As well, the SIMOG platform serves as a catalyst for peer review, knowledge sharing, and the validation of performance data, thereby enhancing transparency, credibility, and collective problem-solving within the sugar industry. The participation of industry stalwarts in SIMOG meetings underscores their commitment to driving sustainable growth, innovation, and inclusive development within Nigeria’s burgeoning sugar sector. The Nigerian government recently acknowledged challenges with food security and rising food prices. While details are still emerging, the government have announced a part of their plan.

It includes short-term relief as well as long-term solutions. On short-term solutions, the government might distribute fertilizers, grains, and other essentials directly to farmers and vulnerable households. This aims to counteract the effects of subsidy removal on food affordability. The government can also consider improved collaboration.
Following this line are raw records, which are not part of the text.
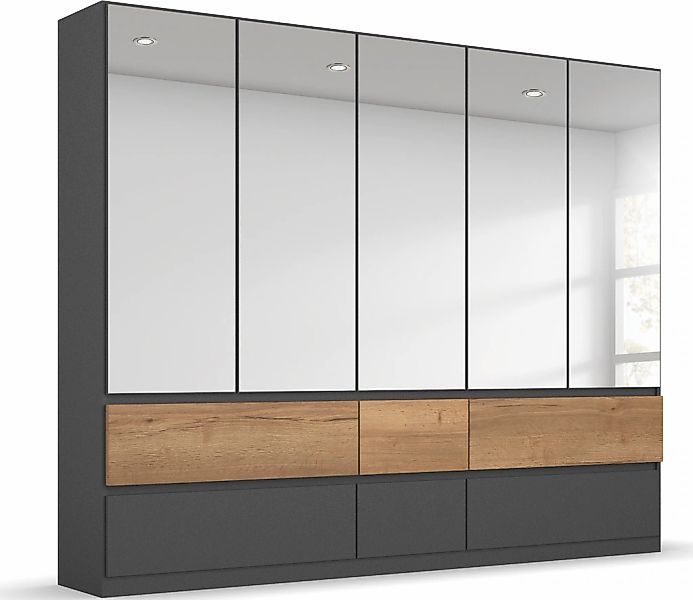 rauch Drehtürenschrank Winnipeg grifflose Front, Schubkästen günstig online kaufen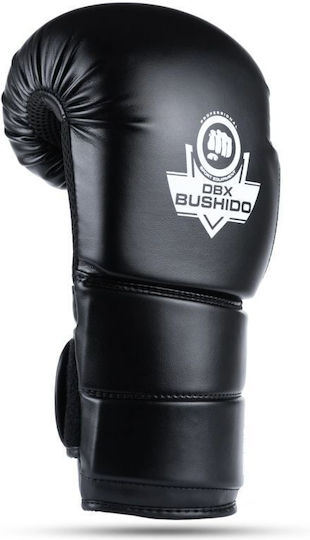 DBX Bushido Γάντια Πυγμαχίας για Αγώνα Μαύρα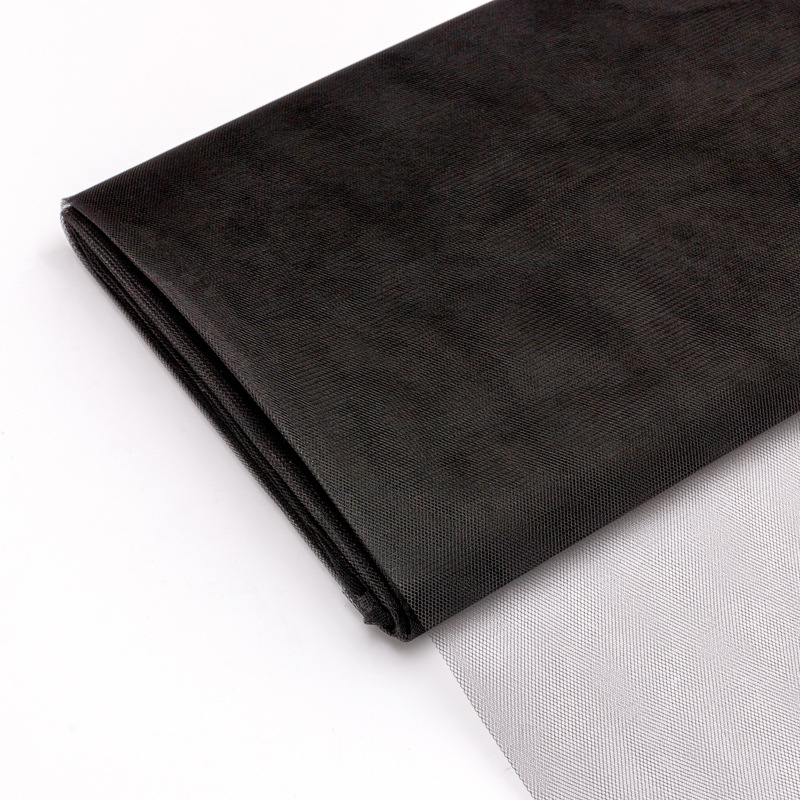 Hilo de hadas blanco negro embalaje de flores hilo de red material de embalaje floral hilo de red de flores material de floristería material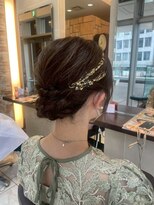 ルページ 千葉(lpage)&nbsp;髪質改善/顔周りレイヤーカット/グレージュ[千葉/千葉駅]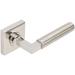 INOX Aurora Right Handed Single Dummy Door Lever with SE Series Square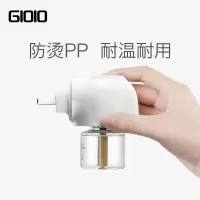 驱蚊液加热器头驱无香型蚊水插电家用 5瓶蚊香液+1只加热器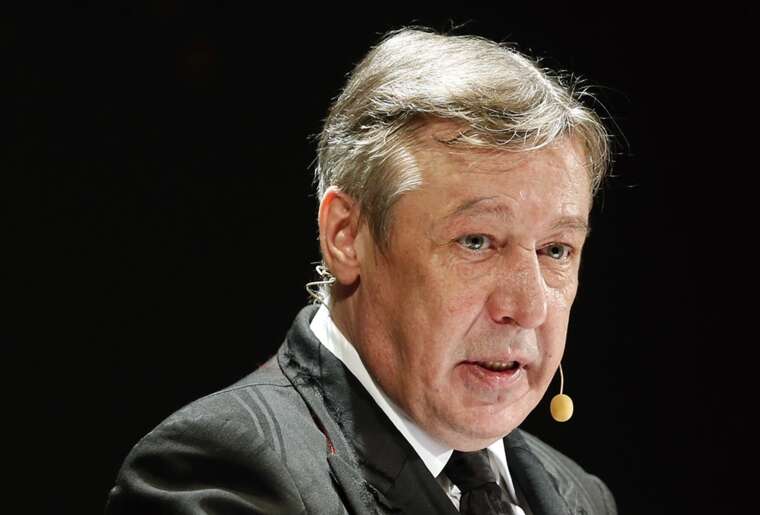 Актор Михайло Єфремов потрапив у базу сайту «Миротворець»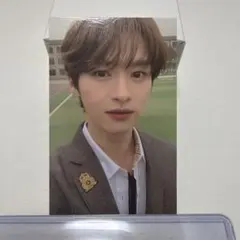 Stray Kids GO生 GO LIVE 初回限定盤 トレカ　リノ　制服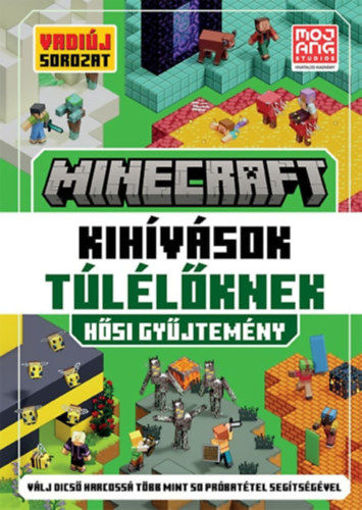 Minecraft: Kihívások túlélőknek - Hősi gyűjtemény - Válj dicső harcossá több mint 50 próbatétel segítségével! termékhez kapcsolódó kép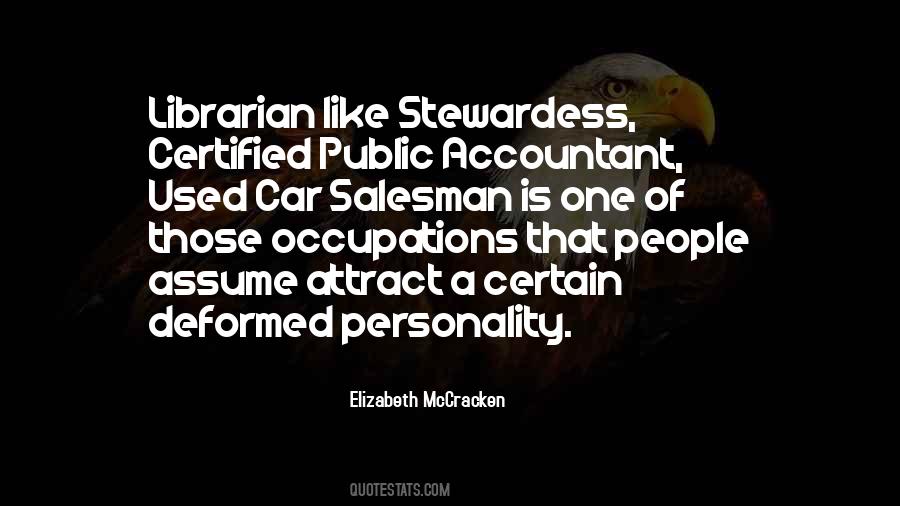Elizabeth Mccracken Quotes #408235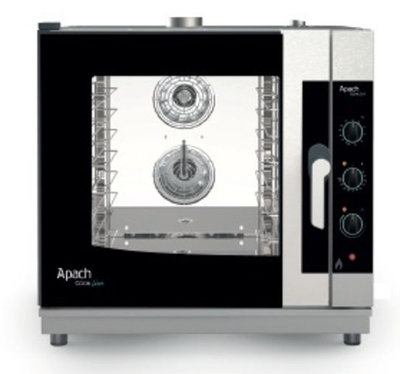 Пароконвектомат Apach Ap7Qmg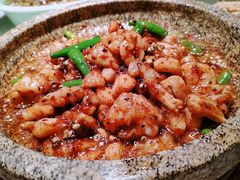 酱爆石锅蛙-绿茶餐厅(华发商都店)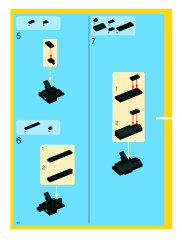 LEGO 10194 instructions page 40 – build guide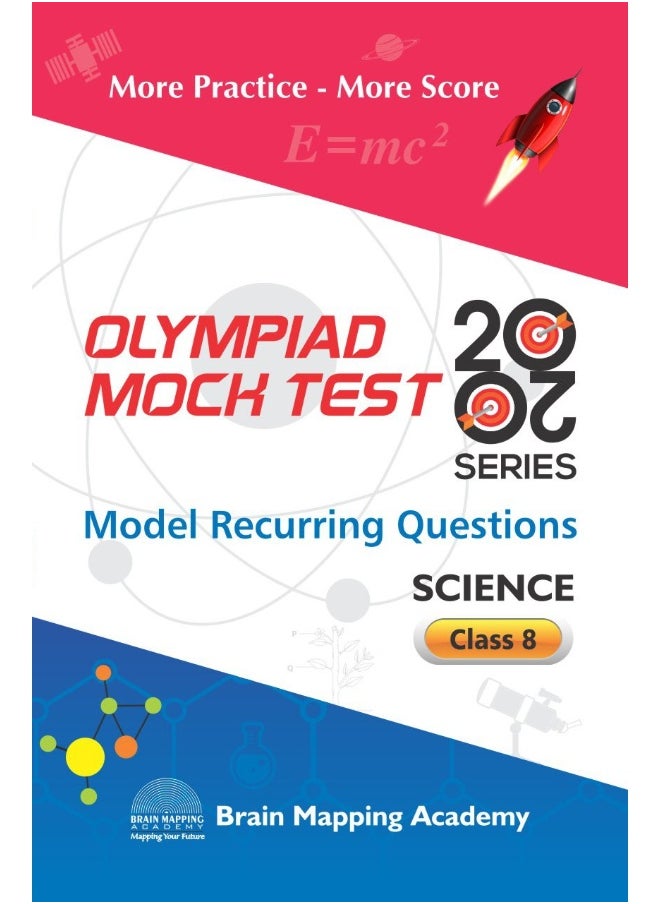 BMA's Olympiad Mock Test 20-20 Series - Science for Class - 8 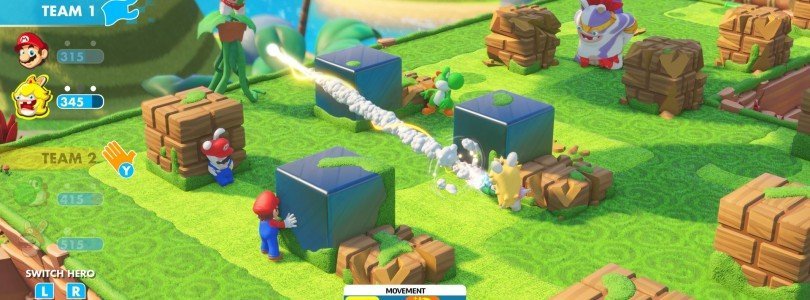 Mario + Rabbids Kingdom Battle - Screenshot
Increased cooperation between the Ministry of Agriculture and the Ministry of Water Resources is expected to improve food production in the country. This could focus on ensuring efficient irrigation systems to support crop production.
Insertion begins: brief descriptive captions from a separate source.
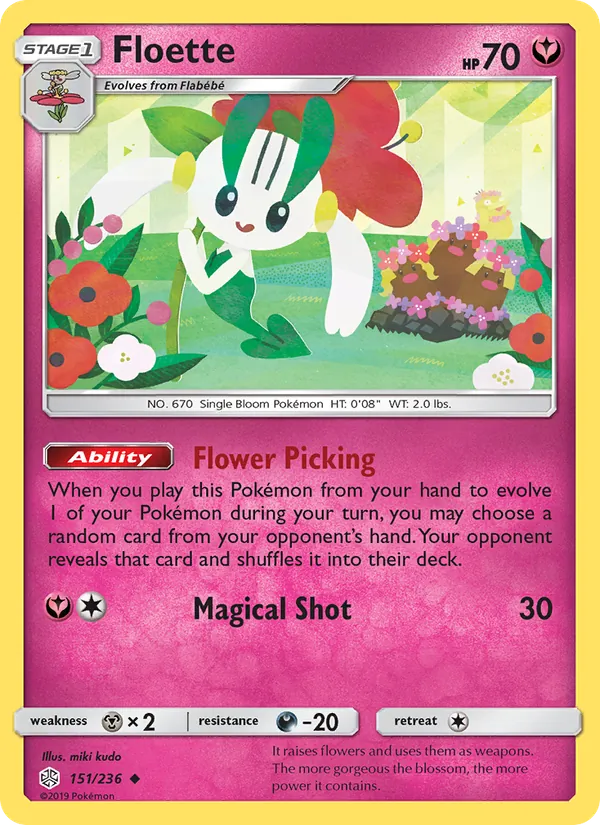 Floette, Cosmic Eclipse 151/236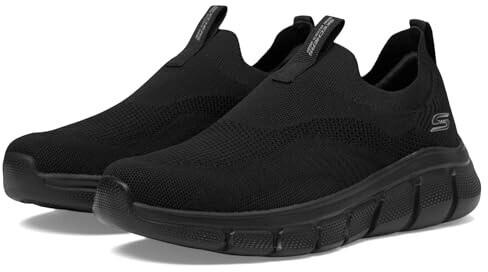 Adidași Skechers Bobs B Flex-Frigid Edge pentru bărbați negri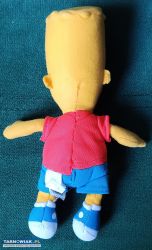 Pluszowa figurka Bart Simpson Simpsonowie - Obrazek 2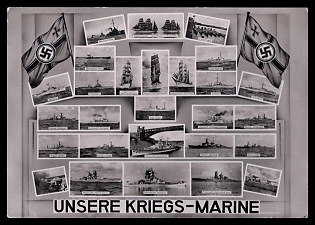 Third Reich Nazi Propaganda Postcard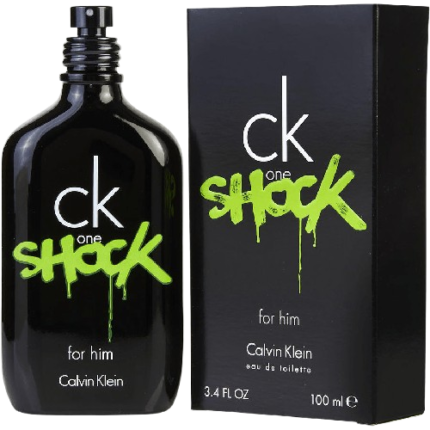 CALVIN KLEIN CK ONE SHOCK FOR HIM EDT 200 ML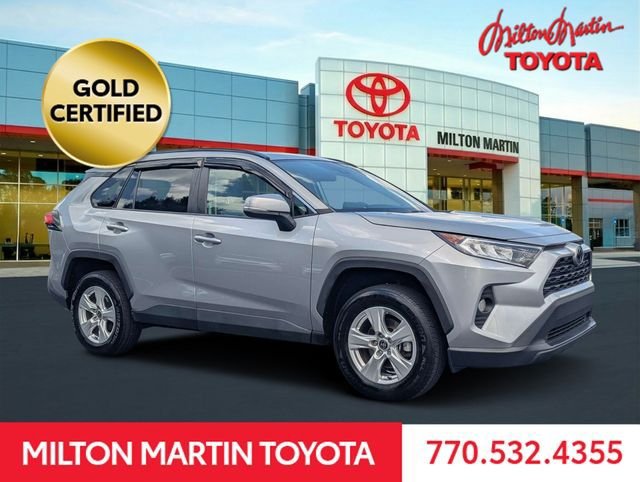 Certified 2021 Toyota RAV4 XLE FWD image 1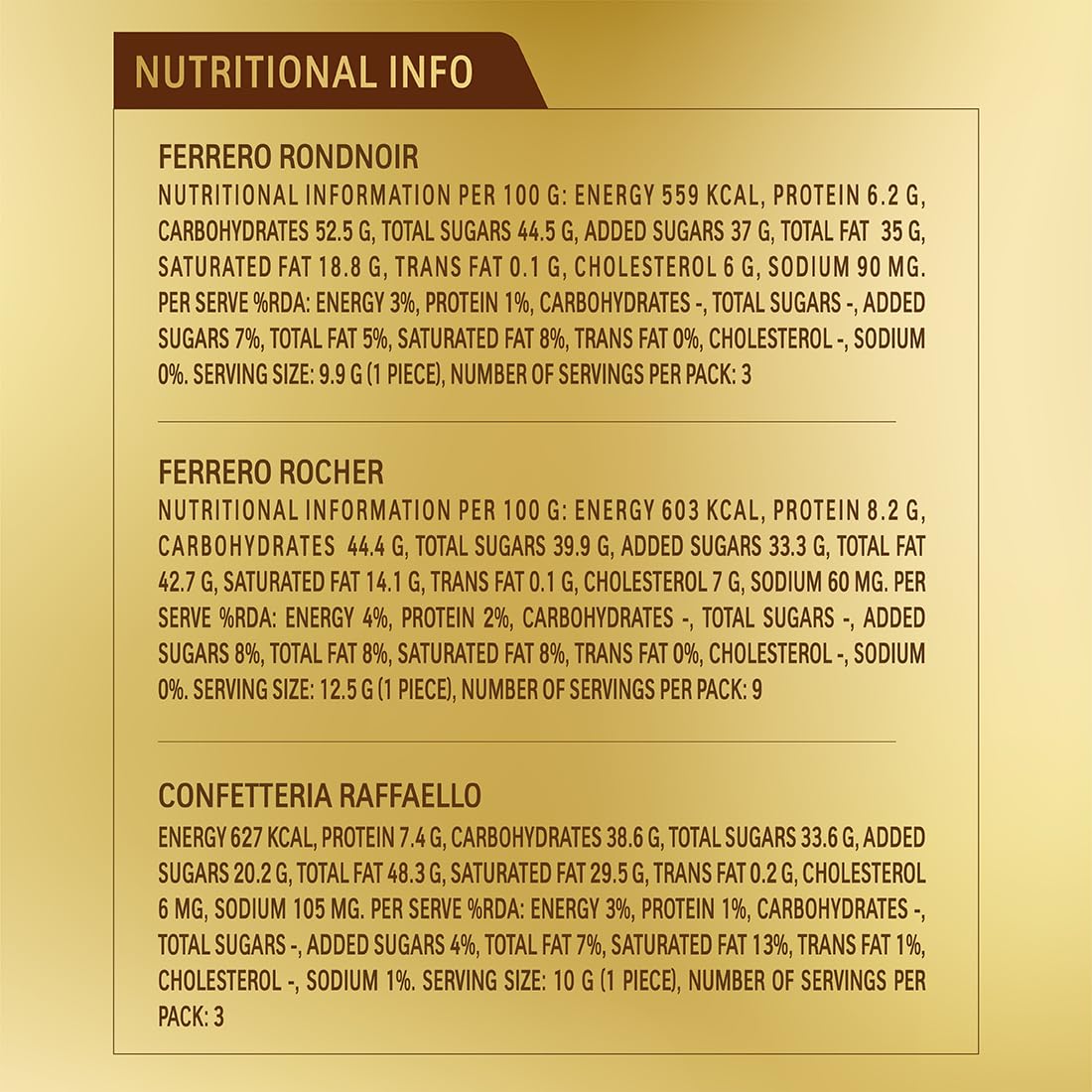 Ferrero Collection - 24 pralines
Related Article: Impact of potential increase of sugar tax

Finally, long-term solutions might include re-establishing a Commodity Board, which would regulate food prices and potentially create a buffer stock system to stabilize prices during fluctuations; and agricultural development, where the government might focus on long-term plans to revitalize the agricultural sector. This could involve supporting local farmers with better access to resources, training, and technology to increase food production. Importantly, these are potential aspects of the plan, and official details may emerge in the coming days or weeks.